Before we can find effective treatments for humans, we’ll have to test interventions on mammals to see if they directly extend lifespan or improve symptoms of aging (like frailty, cognitive decline, or the incidence of diseases like cancer).
Skeptical Optimism
Our philosophy is to be suspicious of results that depend on too many uncertain assumptions, like particular mechanisms of aging, or analogies between invertebrate and human biology. That’s why we’re not doing fly or worm studies, or searching for “aging genes.” We’re focusing on later-stage research that can bear fruit faster.
Verifying Promising Results
Most studies that show a lifespan-extending effect have never been independently replicated. We’d like to change that.
We’re writing grants to aging biologists to run lifespan studies on rodents, investigating treatments that have already shown preliminary evidence of effectiveness. In some cases we’ll commission our own studies from contract research organizations.

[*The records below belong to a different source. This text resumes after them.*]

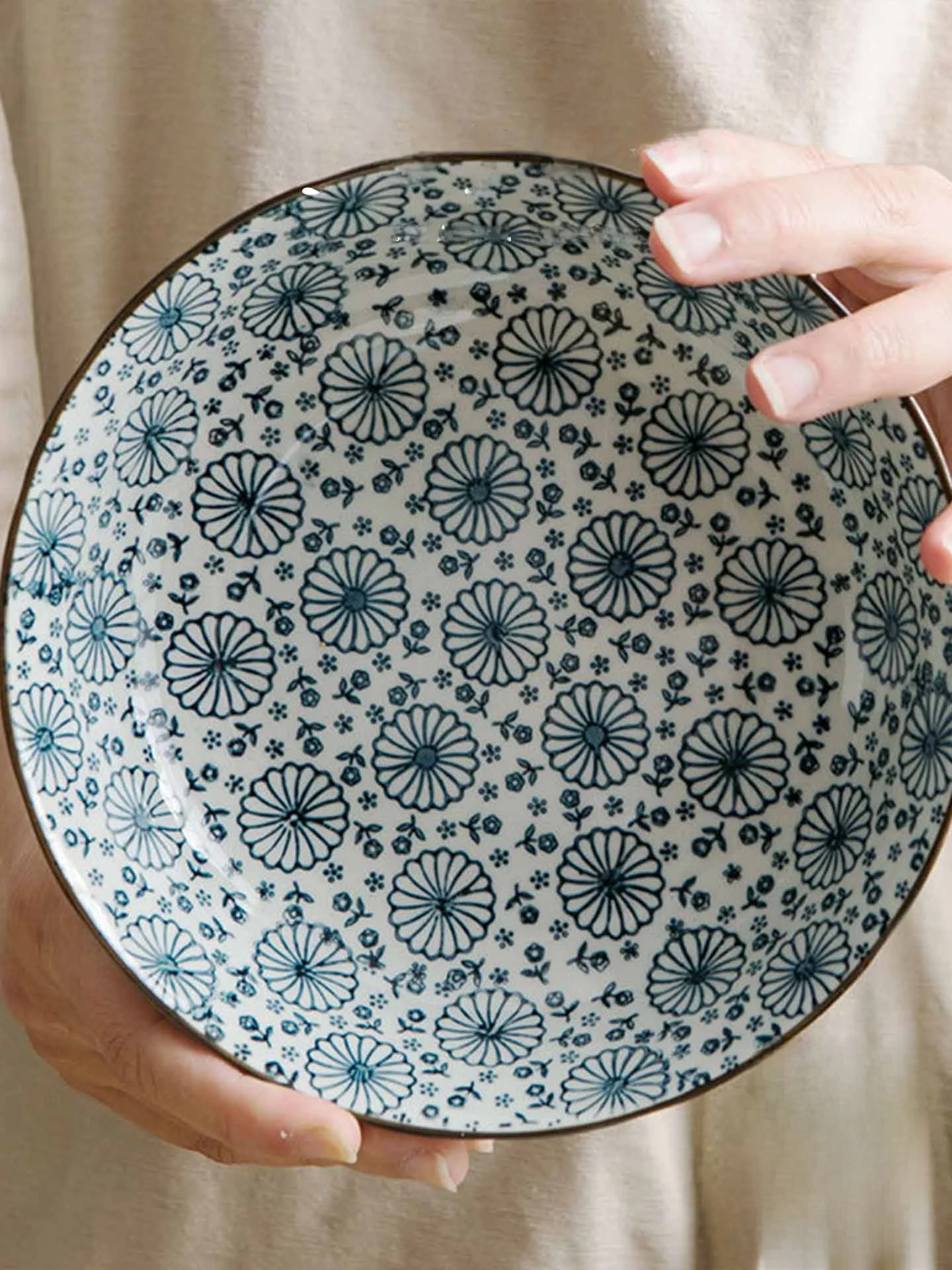 日式陶器小皿：6.5inch サクラご飯皿の多用途食器としての実用性とデザイン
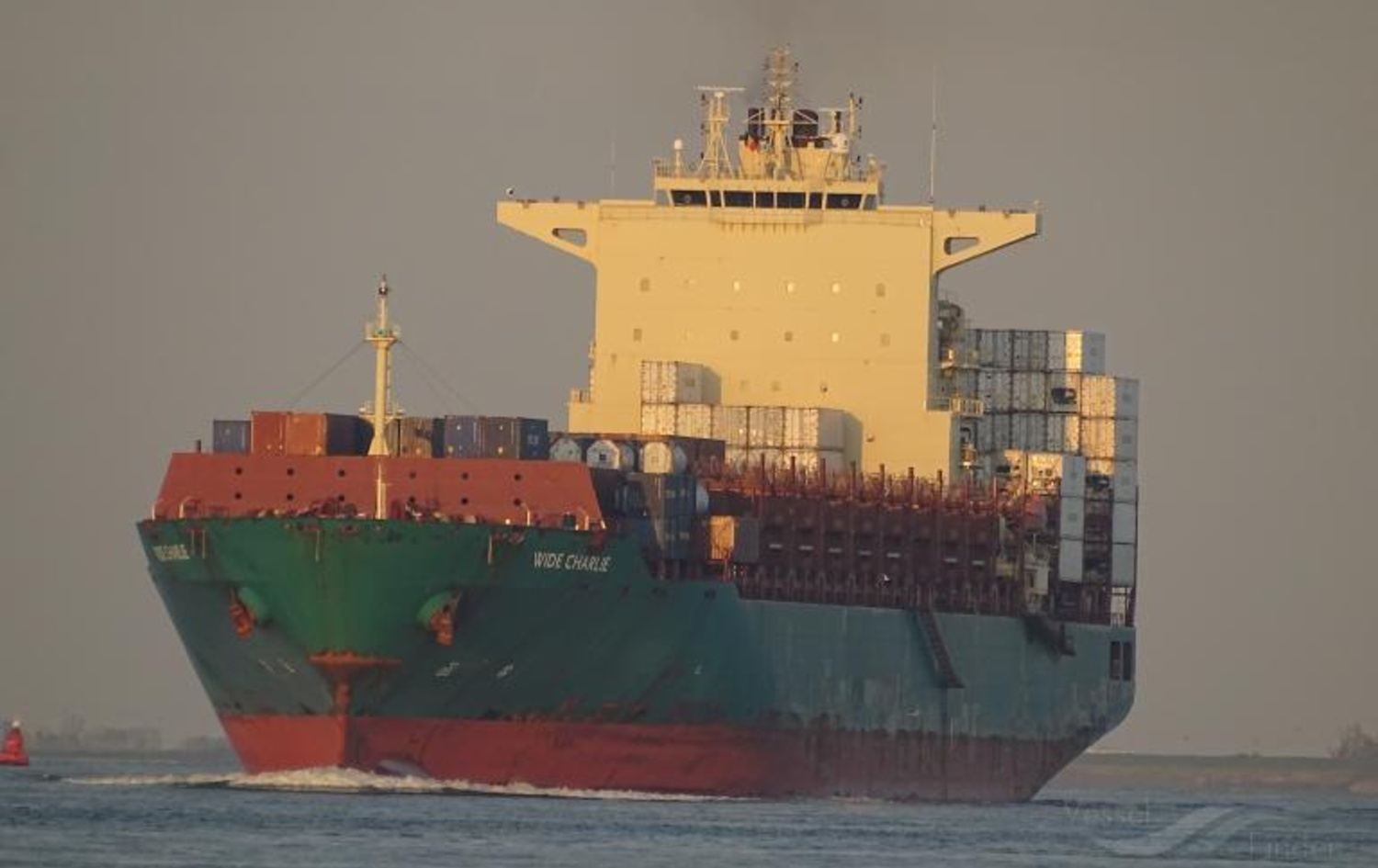 سفينة حاويات فرنسية تعبر مضيق هرمز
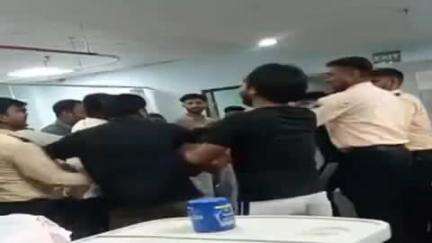 अम्बाला: मुलाना के निजी अस्पताल में महिला के कान से बाली उतारते हुए शख्स को लोगों ने पकड़ा और धुनाई की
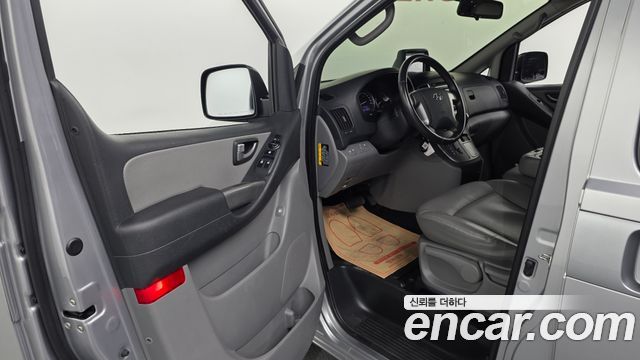 Hyundai Grand Starex Van 3-Seater Smart 2021 — фото 10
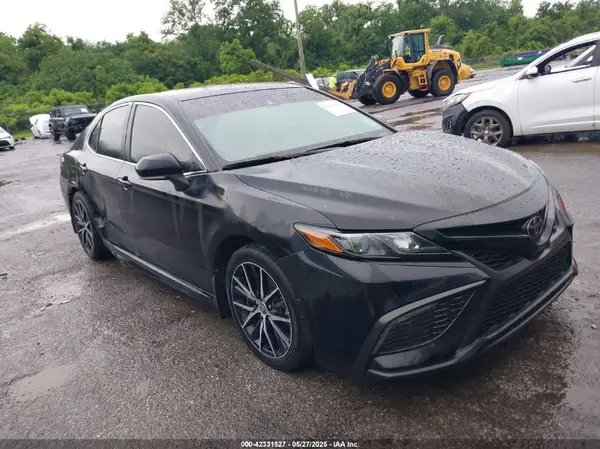 4T1G11AK5NU713294 2022 TOYOTA CAMRY - Image 1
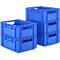 Caisses en plastique bleues, empilées, avec poignées sur les côtés.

Some interventions we're considering testing:
- Carboxyfullerenes
- Epithalamin
- L-deprenyl
- Nicotinamide Ribososide
We’re also interested in researching combinations of drugs and optimizing treatment protocols.
Trustworthy Experiments
Designing experiments rigorously is a top priority, and we’ll hold ourselves to a higher standard than the typical preclinical study.
For instance:
- Using genetically diverse animals from multi-way crosses
- Blinding and randomization of treatment and control groups
- Sample sizes large enough to power studies
- Animals kept in high-quality, humane conditions
We’re collaborating with researchers from METRICS and the Interventions Testing Program to design experimental protocols according to principles of reproducible research.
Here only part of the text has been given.